Ruim tien jaar kon ze haar diensten bewijzen als sleepboot voor rederij Vulcaan, daarna werd ook zij overbodig. De duwvaart was in opkomst en de traditionele sleepvaart liep ten einde. Vele sleepschepen werden door de rederijen afgevoerd. Zo ook bij rederij Vulcaan. Er moest een nieuwe bestemming worden gezocht voor de sleepboot.

Passagierschip
Op 2 oktober 1963 werd de Prinses Beatrix verkocht aan D. van der Linden uit Papendrecht en herdoopt in Rijnstroom. In de winter van 1963/1964 werd het schip op de NV Scheepswerf Gebr. Van der Werf in Deest omgebouwd tot hotelpassagiersschip. Er kwam accommodatie voor 115 passagiers. In juni 1965 werd het schip overgenomen door de Mij tot Exploitatie van Hotelschepen te Lunteren. In april 1968 werd de Rijnstroom verkocht aan de NV. Rederij Rijnvakantie uit Rotterdam en werd het de ‘kroonprinses’ van de vloot. Vermeldenswaard waren de telegraafbediening en het enorme stuurrad op de commandobrug. Met haar 3 x 550 pk Sulzer behoorde ze tot de snelste passagiersschepen op de Rijn.
Na acht jaar werd het zeer geliefde schip in november 1976 verkocht aan de reder H.W. Rensen in Rotterdam en herdoopt in Dijnphina III. In 1977 werden na veertig trouwe dienstjaren de drie Sulzer-motoren vervangen door twee Deutz-motoren van elk 625 pk. Tevens verdween de telegraafbediening. Tot aan het einde van het seizoen 1983 deed ze trouw haar wekelijkse Rijnreizen.

Hotelschip
Vervolgens brak er een rustperiode aan en werd het schip in Arnhem opgelegd. In juni 1985 werd de Dijnphina III verkocht aan mevrouw B. Wilms uit Hoorn en herdoopt in Amstel.

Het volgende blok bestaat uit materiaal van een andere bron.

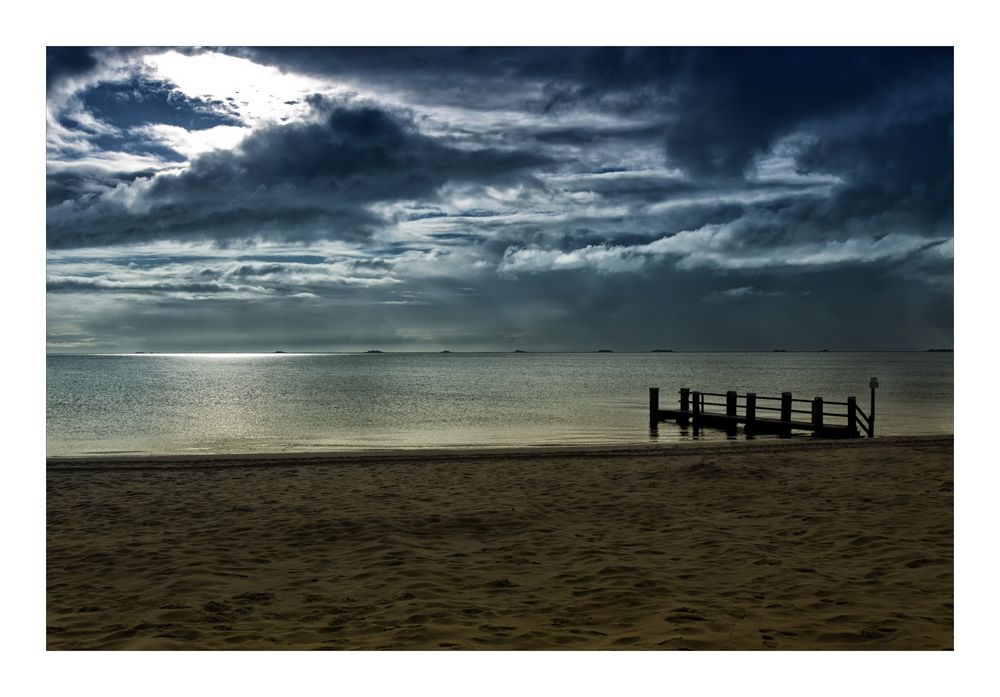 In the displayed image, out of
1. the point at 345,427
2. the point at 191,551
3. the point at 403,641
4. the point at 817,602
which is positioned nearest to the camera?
the point at 403,641

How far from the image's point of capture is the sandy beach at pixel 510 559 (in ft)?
18.6

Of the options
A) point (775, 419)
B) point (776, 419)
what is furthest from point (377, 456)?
point (776, 419)

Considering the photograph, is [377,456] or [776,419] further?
[776,419]

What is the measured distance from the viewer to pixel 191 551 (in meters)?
8.16

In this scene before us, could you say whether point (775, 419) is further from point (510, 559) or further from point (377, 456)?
point (510, 559)

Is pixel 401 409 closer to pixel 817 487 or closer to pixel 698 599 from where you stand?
pixel 817 487

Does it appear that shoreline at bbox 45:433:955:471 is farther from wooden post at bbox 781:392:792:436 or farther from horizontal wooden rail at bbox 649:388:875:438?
wooden post at bbox 781:392:792:436

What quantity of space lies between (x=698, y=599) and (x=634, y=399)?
51.1 meters

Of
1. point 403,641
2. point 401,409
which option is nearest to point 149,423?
point 401,409

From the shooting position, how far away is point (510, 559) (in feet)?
25.4

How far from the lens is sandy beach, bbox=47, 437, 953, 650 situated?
18.6ft

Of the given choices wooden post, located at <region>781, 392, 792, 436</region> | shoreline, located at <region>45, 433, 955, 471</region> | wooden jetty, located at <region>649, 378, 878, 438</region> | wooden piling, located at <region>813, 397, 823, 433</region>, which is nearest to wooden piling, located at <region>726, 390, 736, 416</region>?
wooden jetty, located at <region>649, 378, 878, 438</region>

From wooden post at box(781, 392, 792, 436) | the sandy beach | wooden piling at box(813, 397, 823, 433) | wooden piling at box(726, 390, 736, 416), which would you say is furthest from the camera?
wooden piling at box(726, 390, 736, 416)

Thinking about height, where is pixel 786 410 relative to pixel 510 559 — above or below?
below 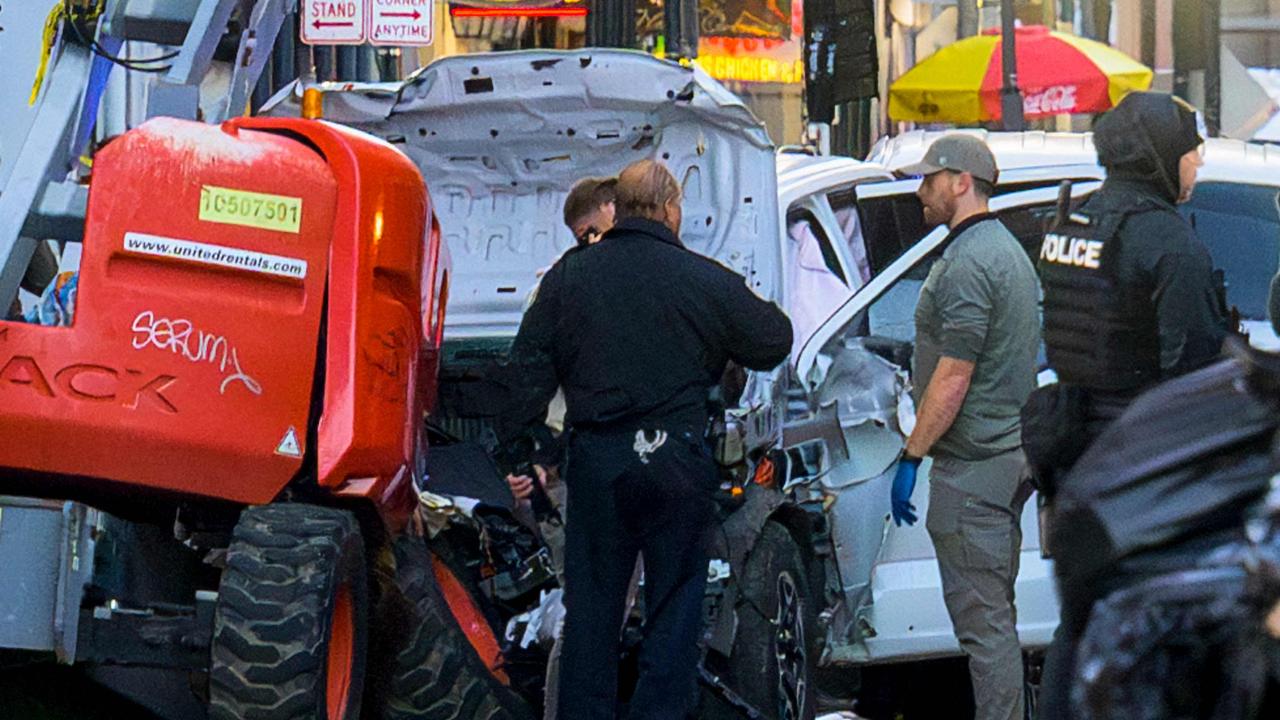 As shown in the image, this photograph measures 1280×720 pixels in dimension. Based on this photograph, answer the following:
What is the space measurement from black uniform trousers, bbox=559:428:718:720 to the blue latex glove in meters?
1.37

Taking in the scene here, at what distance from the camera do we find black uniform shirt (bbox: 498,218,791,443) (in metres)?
7.50

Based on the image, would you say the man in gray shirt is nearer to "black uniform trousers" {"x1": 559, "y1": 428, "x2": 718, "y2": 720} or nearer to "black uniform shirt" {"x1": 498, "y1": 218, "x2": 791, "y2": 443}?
"black uniform shirt" {"x1": 498, "y1": 218, "x2": 791, "y2": 443}

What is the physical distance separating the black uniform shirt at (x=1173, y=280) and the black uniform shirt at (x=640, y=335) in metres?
1.36

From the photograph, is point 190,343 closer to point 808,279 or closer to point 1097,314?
point 1097,314

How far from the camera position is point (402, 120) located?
934 centimetres

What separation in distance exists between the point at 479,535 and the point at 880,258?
8.13 ft

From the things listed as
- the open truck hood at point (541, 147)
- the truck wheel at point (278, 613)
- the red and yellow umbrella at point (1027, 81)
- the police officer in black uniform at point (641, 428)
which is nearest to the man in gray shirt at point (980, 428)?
the open truck hood at point (541, 147)

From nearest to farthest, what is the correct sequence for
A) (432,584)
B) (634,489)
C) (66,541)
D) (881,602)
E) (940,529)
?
(66,541) → (634,489) → (432,584) → (940,529) → (881,602)

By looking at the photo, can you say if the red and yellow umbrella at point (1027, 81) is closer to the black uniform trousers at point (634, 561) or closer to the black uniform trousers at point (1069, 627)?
the black uniform trousers at point (634, 561)

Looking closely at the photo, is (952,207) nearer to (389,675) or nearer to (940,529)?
(940,529)

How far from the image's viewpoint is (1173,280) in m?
6.41

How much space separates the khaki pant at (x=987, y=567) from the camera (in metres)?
8.44

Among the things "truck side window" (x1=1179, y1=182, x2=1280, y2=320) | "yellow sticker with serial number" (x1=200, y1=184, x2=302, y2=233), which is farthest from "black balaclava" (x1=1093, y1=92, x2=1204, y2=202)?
"truck side window" (x1=1179, y1=182, x2=1280, y2=320)

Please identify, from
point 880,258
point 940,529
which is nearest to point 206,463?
point 940,529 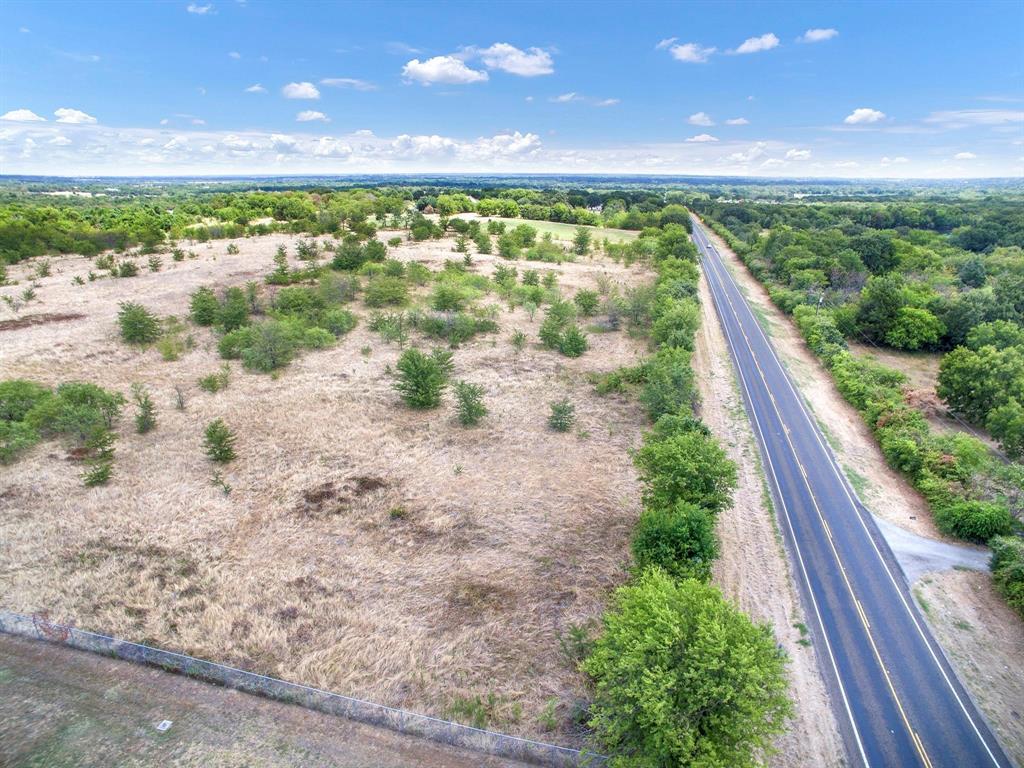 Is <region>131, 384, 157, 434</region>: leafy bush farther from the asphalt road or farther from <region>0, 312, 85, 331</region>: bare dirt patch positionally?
the asphalt road

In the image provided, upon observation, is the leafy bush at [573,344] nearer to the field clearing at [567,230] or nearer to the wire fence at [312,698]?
the wire fence at [312,698]

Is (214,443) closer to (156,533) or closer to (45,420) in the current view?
(156,533)

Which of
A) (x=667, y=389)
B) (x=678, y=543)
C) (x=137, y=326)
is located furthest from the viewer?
(x=137, y=326)

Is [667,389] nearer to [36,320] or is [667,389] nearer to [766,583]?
[766,583]

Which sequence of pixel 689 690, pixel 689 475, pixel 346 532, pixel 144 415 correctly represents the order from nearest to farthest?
pixel 689 690 < pixel 689 475 < pixel 346 532 < pixel 144 415

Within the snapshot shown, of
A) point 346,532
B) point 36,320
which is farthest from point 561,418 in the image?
point 36,320

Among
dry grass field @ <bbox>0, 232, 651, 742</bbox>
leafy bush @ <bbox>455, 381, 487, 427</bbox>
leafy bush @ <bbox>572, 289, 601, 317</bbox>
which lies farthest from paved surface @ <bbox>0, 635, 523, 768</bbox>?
leafy bush @ <bbox>572, 289, 601, 317</bbox> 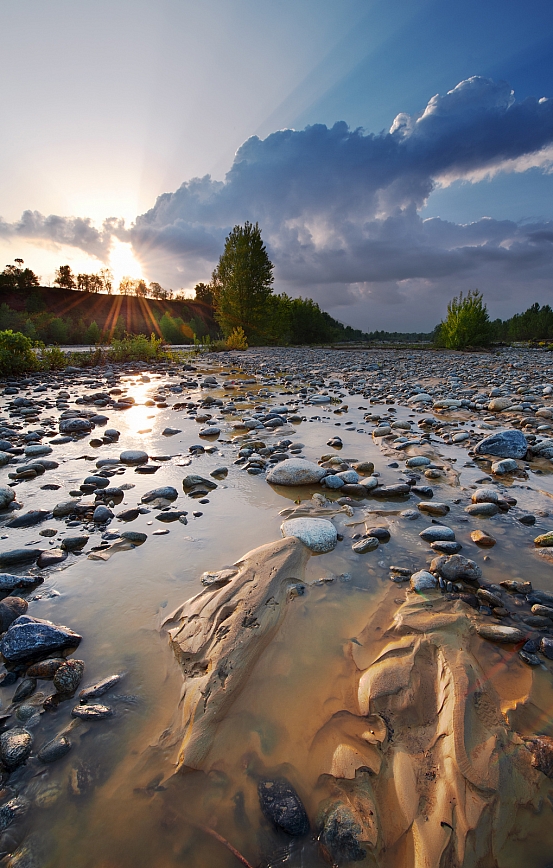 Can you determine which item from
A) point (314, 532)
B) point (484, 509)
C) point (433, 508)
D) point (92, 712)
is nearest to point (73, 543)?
point (92, 712)

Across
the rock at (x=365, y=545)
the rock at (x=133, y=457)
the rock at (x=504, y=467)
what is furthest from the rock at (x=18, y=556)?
the rock at (x=504, y=467)

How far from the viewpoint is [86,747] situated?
133 cm

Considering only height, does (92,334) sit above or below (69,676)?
above

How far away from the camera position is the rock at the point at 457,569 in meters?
2.23

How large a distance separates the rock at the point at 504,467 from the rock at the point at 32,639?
162 inches

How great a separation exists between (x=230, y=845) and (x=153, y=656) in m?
0.82

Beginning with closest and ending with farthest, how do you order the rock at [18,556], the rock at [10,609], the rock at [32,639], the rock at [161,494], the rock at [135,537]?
1. the rock at [32,639]
2. the rock at [10,609]
3. the rock at [18,556]
4. the rock at [135,537]
5. the rock at [161,494]

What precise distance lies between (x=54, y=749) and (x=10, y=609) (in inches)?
35.2

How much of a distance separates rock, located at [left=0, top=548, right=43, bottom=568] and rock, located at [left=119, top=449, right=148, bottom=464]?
1862 mm

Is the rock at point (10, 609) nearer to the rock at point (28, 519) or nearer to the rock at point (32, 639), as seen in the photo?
the rock at point (32, 639)

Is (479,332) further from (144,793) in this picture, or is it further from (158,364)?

Vanaf die tijd deed het schip dienst als Low Budget Botel Amstel aan de De Ruyterkade, steiger 5, in Amsterdam.
In september 1992 verwisselde zij opnieuw van eigenaar. De nieuwe eigenaar A. Bouwman, directeur van het recreatiecentrum Aquacentrum Bremenbergse Hoek in Biddinghuizen, zag in het schip een welkome aanvulling voor zijn bedrijf. Op 15 februari 1993 meerde de Amstel af in de jongste provincie van Nederland en kreeg zij de naam Aqua.
In november 2001 kreeg het nostalgische schip een nieuwe bemanning. Het gezellige en knusse restaurant kreeg opnieuw een prachtige Prinsessennaam: Prinses Máxima, een naam die bij haar past. Drie keer is tenslotte scheepsrecht. In 2009 wisselde ze nog een keer van eigenaar en kwam ze onder de hoede van Monique en Ton Verhulsdonck uit Biddinghuizen. Helaas kwam in 2015 een einde aan haar indrukwekkende 78-jarige scheepscarrière en volgde bij RDM in Kampen de sloop.